Initialization: Set up the development environment and required tools
Data Preparation: Collect and organize the required data
Core Implementation: Implement the main functionality and logic
Testing & Validation: Ensure the functionality works correctly
Optimization: Tune performance and user experience

Common Errors

| Error Type | Possible Cause | Solution | |-----------|---------------|----------| | Compilation Error | Syntax issues | Check code syntax | | Runtime Error | Environment issues | Verify dependencies are installed | | Logic Error | Algorithm issues | Step-by-step debugging and testing | | Performance Issue | Efficiency issues | Use performance analysis tools |

Code Example

# Example code
import sys

def main():
    # Main program logic
    print("Hello, World!")

if __name__ == "__main__":
    main()

Related Resources

Official documentation
API reference manuals
Open source project examples
Technical community discussions

Linear Regression with Gradient Descent

Why Gradient Descent for Linear Regression?

Linear regression has a closed-form solution: $\hat{\theta} = (X^T X)^{-1} X^T y$. But gradient descent is preferred when:

| Scenario | Closed-Form | Gradient Descent | |----------|-------------|------------------| | n_features > 10,000 | ❌ O(n³) matrix inversion | ✅ O(n²) per epoch | | Streaming data | ❌ Must retrain from scratch | ✅ Online updates | | Ridge/Lasso regularization | ✅ Still closed-form | ✅ Works naturally | | Feature count > sample count | ❌ Matrix singular | ✅ Works fine |

Mean Squared Error Loss

$$J(\theta) = \frac{1}{m} \sum_{i=1}^m (h_\theta(x^{(i)}) - y^{(i)})^2$$

$$\frac{\partial J}{\partial \theta_j} = \frac{2}{m} \sum_{i=1}^m (h_\theta(x^{(i)}) - y^{(i)}) \cdot x_j^{(i)}$$

Complete Training Comparison

import numpy as np
from sklearn.linear_model import LinearRegression
from sklearn.metrics import r2_score

# Train custom Adam
w, b = train_adam(X_train, y_train)
y_pred_custom = X_test @ w + b
r2_custom = r2_score(y_test, y_pred_custom)

# Train sklearn
sk_model = LinearRegression()
sk_model.fit(X_train, y_train)
y_pred_sklearn = sk_model.predict(X_test)
r2_sklearn = r2_score(y_test, y_pred_sklearn)
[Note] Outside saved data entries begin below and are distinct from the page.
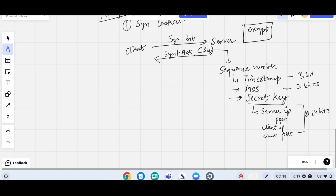All this information totals 32 bits — 24 bits for the secret key plus 8 bits for the other fields equals 32 bits. This 32-bit information is sent by the server towards the client.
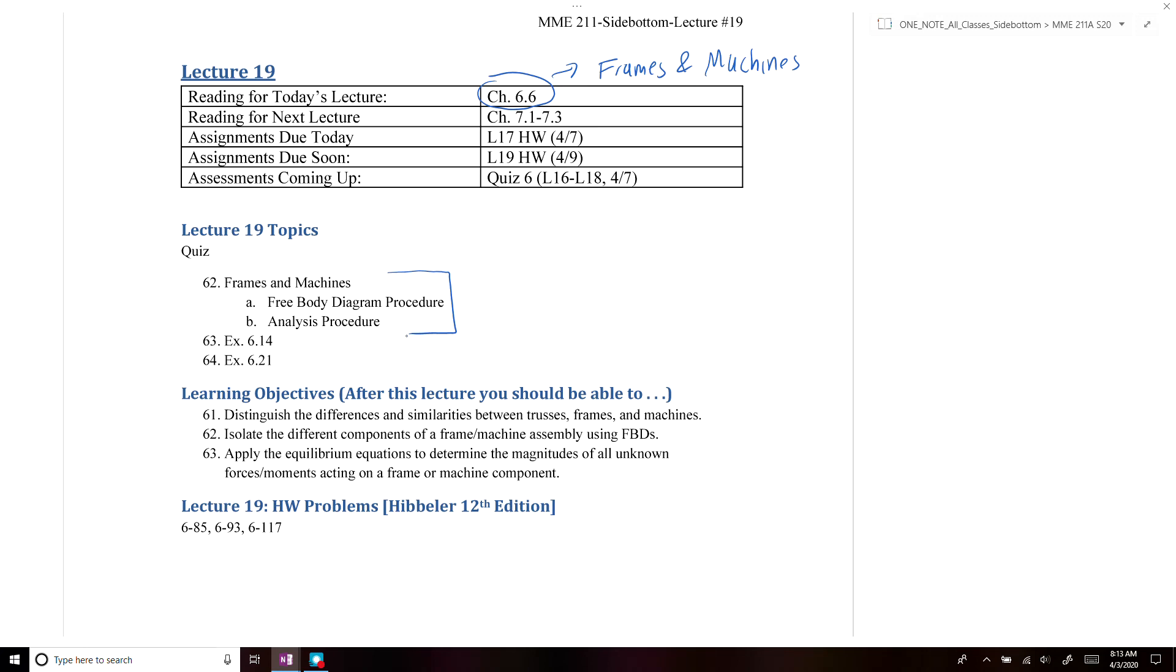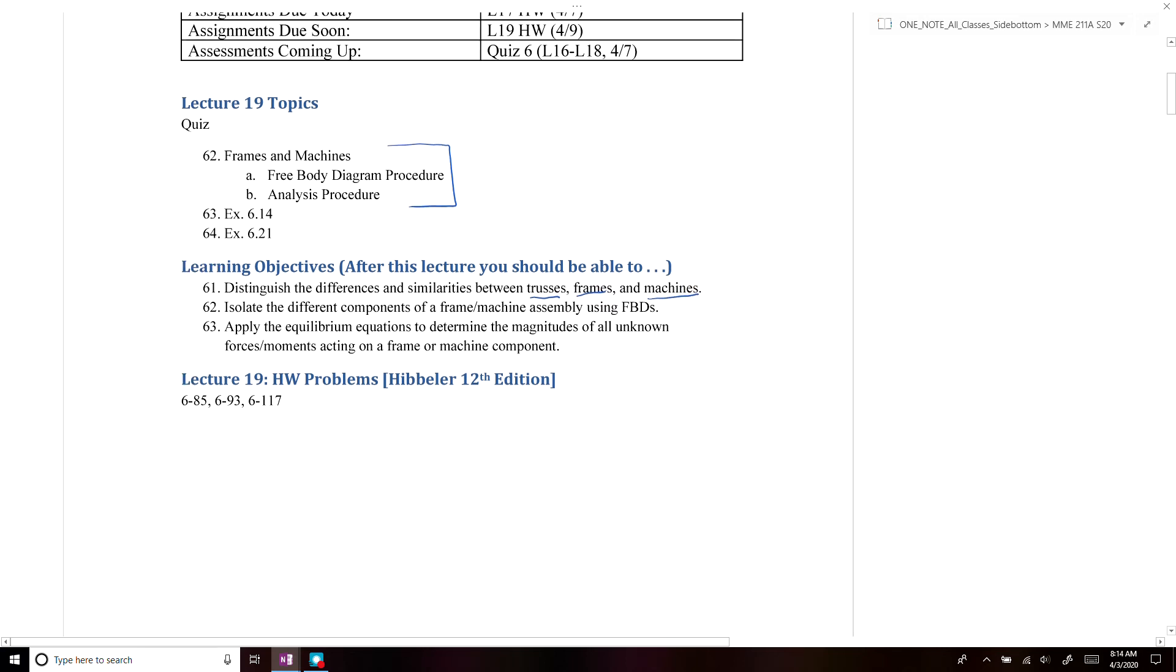The main thing that we want to make sure that you can do today is you should be able to identify what is a truss, the differences between trusses, frames, and machines, and how you can analyze those frames and machines.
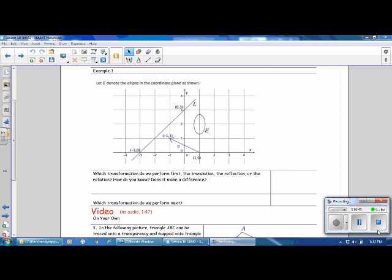Let's take a look at the ellipse in the coordinate plane below. We'll let Translation 1 be a translation along vector V, which is right here, from 10 to −11. Then we'll let Rotation 2 be a 90-degree rotation around this point. And then we'll let Reflection 3 be a reflection across line L.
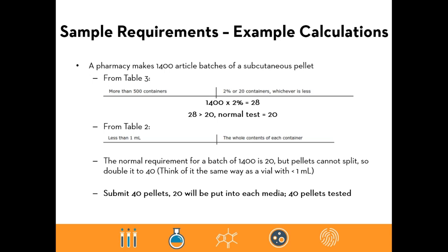Example seven covers subcutaneous pellets: a 1,400-article batch falls in the more-than-500 containers category, so 2% or 20 containers — 2% of 1,400 is 28, greater than 20, so normally 20 would be submitted. However, since pellets can't be split, that number must be doubled to 40 so both growth media can be inoculated. Therefore 40 pellets total are submitted, with 20 going into each media.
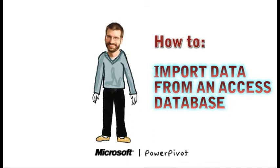In this video, we show you how to import data from an Access database using both the table import wizard and using a query. Let's get started.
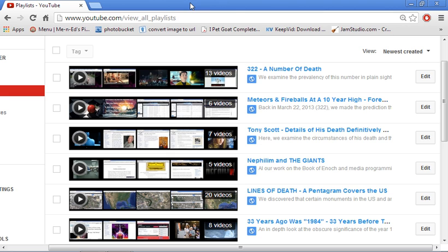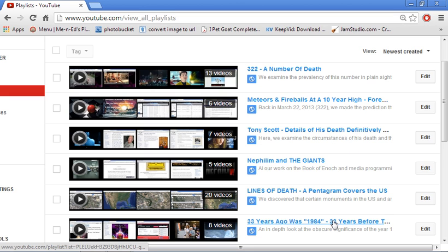So I put together these six playlists for you so you can start from the beginning. This first one is called 33 Years Ago was 1984. This playlist is all things 1984 and how it relates to the present.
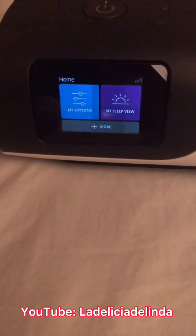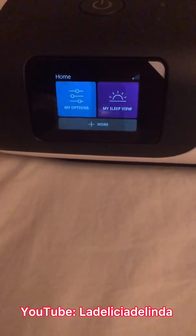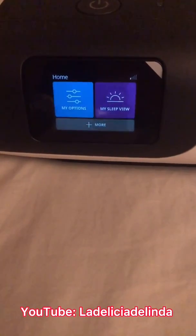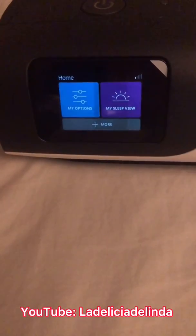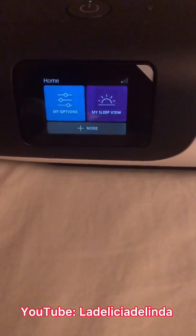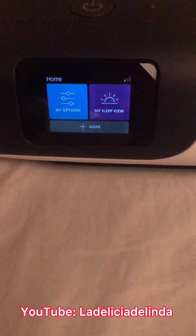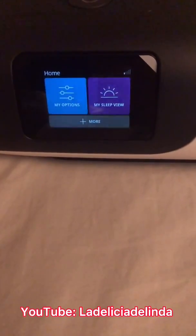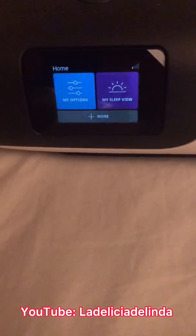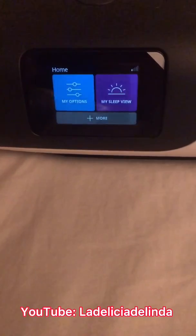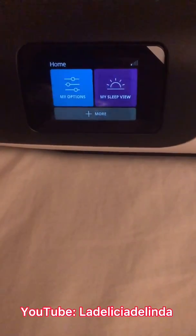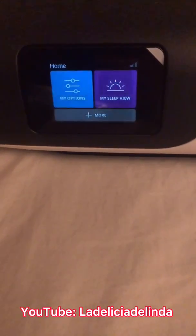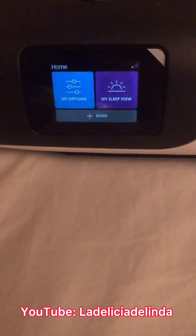To repeat the disclaimer: the clinical settings are usually meant only for your respiratory therapist or clinician to access, but some people like to access it for additional comfort settings they want to adjust on their own without having to go to their sleep apnea clinic.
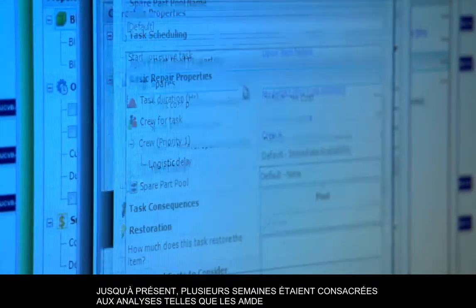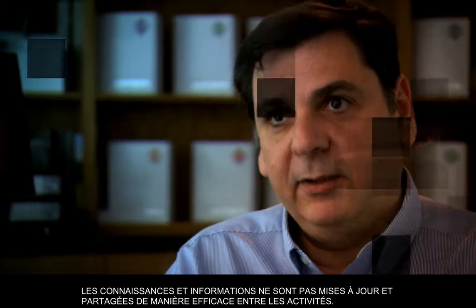Today we spend weeks doing things like FMEAs. When we're done with them, we put them away in a filing cabinet. Then we have other teams that spend millions of dollars on doing things like accelerated testing. The knowledge gained from that is not looped back into our FMEAs or into our practice system or any other activity. In short, we don't connect, share, or update knowledge and information across activities in an effective way.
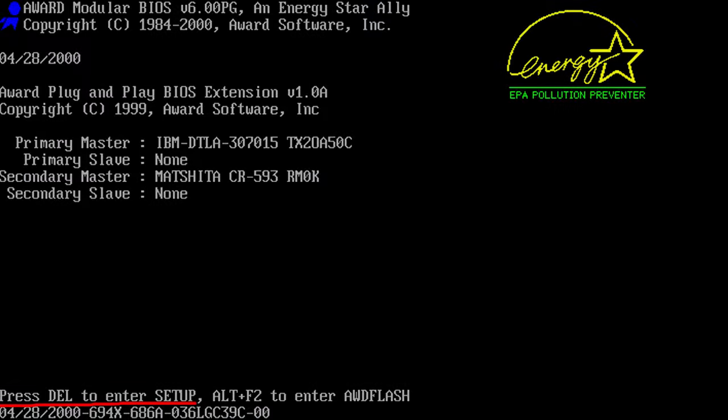First of all, let's find out how to reset the password in the BIOS settings. This method can be used if there is no need to enter a password to open BIOS, so you can access BIOS setup easily. To open the BIOS interface, press one of the buttons F1, F2, F8, or Delete, depending on your motherboard model, within a few seconds of starting the computer.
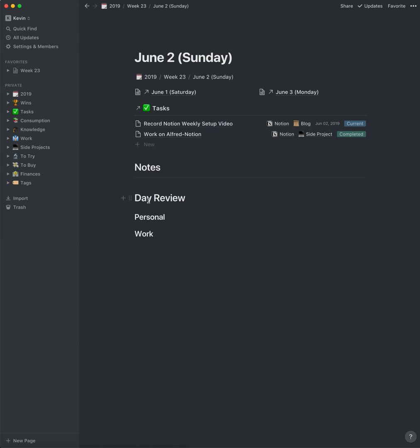Finally, I've got a section for the day's review. This is more or less a journal — a place for journaling. I've broken it up into a personal section and a work section, just so I have more of a clear division in terms of what I'm reflecting on.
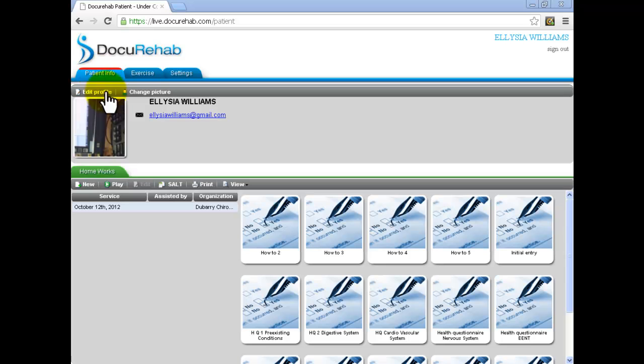In the middle of the screen, you have at least one green tab named Homework. Click on it to select it.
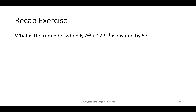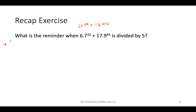One more question: what is the remainder when 6·7^32 + 17·9^45 is divided by 5? We solve each part one by one — first find the remainder of each component when divided by 5, then combine.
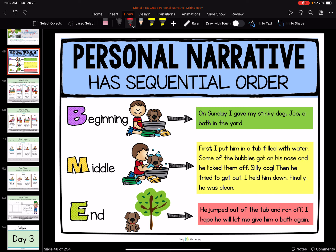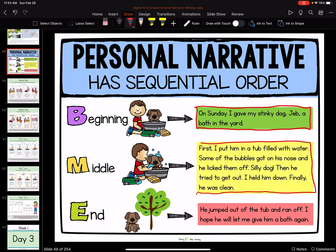Let me switch slides. Here's our anchor chart for the day. Personal narrative has a sequential order: a beginning, a middle, and an end. Beginning — 'On Sunday, I gave my stinky dog, Jeb, a bath in the yard.' Look how they put it in green — there's the beginning of our story. Here's the middle: 'First, I put him in a bathtub with water. Some of the bubbles got on his nose and he licked them off. Silly dog. Then he tried to get out. I held him down. Finally, he was clean.' And the end: 'He jumped out of the tub and ran off. I hope he will let me give him a bath again.' So our story has a beginning, a middle, and an end.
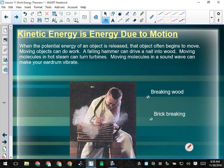When potential energy is released, objects begin to move, and moving objects can do work. You can use a hammer to drive a nail into wood; moving molecules in hot steam can turn a turbine; moving molecules in a sound wave make your eardrum vibrate. When a sound wave comes towards you, your ear detects how close together the waves are — close together means high pitch, far apart means low pitch — and if the air molecules are moving a great deal, that's a large amplitude, meaning very loud. You can actually see a subwoofer move when it's cranked.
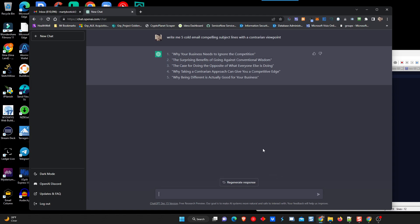So, the interface is adaptive in your responses. Depending on how you respond is what it does next. So, what we're going to do is we're going to pick number, let's see, let's do number one. You can read through examples. There's a wealth of information on this out there. I'm not going to try and tell you how to write commands here. There's enough of that documented. So, let's go ahead and take number one and start from there. So, I'm going to say, using number one, write a cold email to attract new members to the VIP done-for-you marketing system.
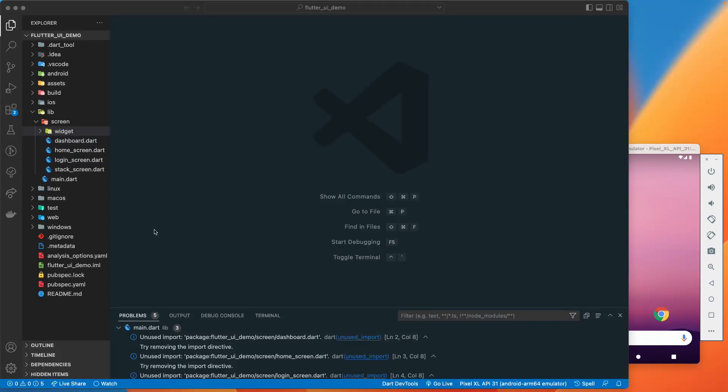Hello there and welcome back. Today we are going to learn about the Card widget and how we can create a card with Flutter, SwiftUI, and Jetpack Compose. Let's get started.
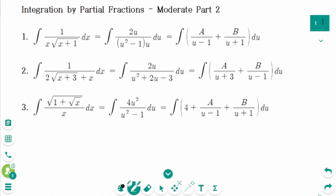This video will cover modulated questions part 2 regarding the topic of integration by partial fractions. The problems to be integrated this time do not seem to be related to partial fractions. However, if we change the shape of the rational function using substitution, we find that it can be expressed as a partial fraction.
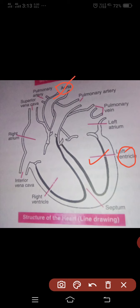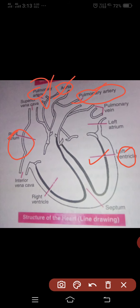The blood is distributed to different parts of the body through arteries and pulmonary arteries, which are further divided into smaller capillaries. After deoxygenation of blood, it goes back to the right auricle through the inferior vena cava. Blood coming from the head and upper extremities returns through the superior vena cava. Both the superior and inferior vena cava empty their blood into the right auricle.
print(f"Custom Adam R²: {r2_custom:.4f}")
print(f"sklearn R²:     {r2_sklearn:.4f}")
print(f"Weights match:  {np.allclose(w.flatten(), sk_model.coef_.flatten(), atol=0.1)}")

Evaluation Metrics

| Metric | Formula | Range | Best | |--------|---------|-------|------| | R² (coefficient of determination) | $1 - \frac{\sum(y_i - \hat{y}_i)^2}{\sum(y_i - \bar{y})^2}$ | (-∞, 1] | 1.0 | | MAE (Mean Absolute Error) | $\frac{1}{n} \sum |y_i - \hat{y}_i|$ | [0, ∞) | 0 | | RMSE (Root Mean Squared Error) | $\sqrt{\frac{1}{n} \sum (y_i - \hat{y}_i)^2}$ | [0, ∞) | 0 |

Key Takeaways

| Linear regression predicts continuous values from features | | Closed-form (normal equation) works for small feature sets | | Gradient descent scales to millions of features | | Adam optimizer converges faster than standard GD | | Standardize features before training for stable convergence | | R² measures how much variance the model explains | | RMSE is in the same units as the target variable | | Custom implementation + sklearn comparison validates correctness |

Next Chapter: Advanced Topics

This course continues with advanced optimization topics.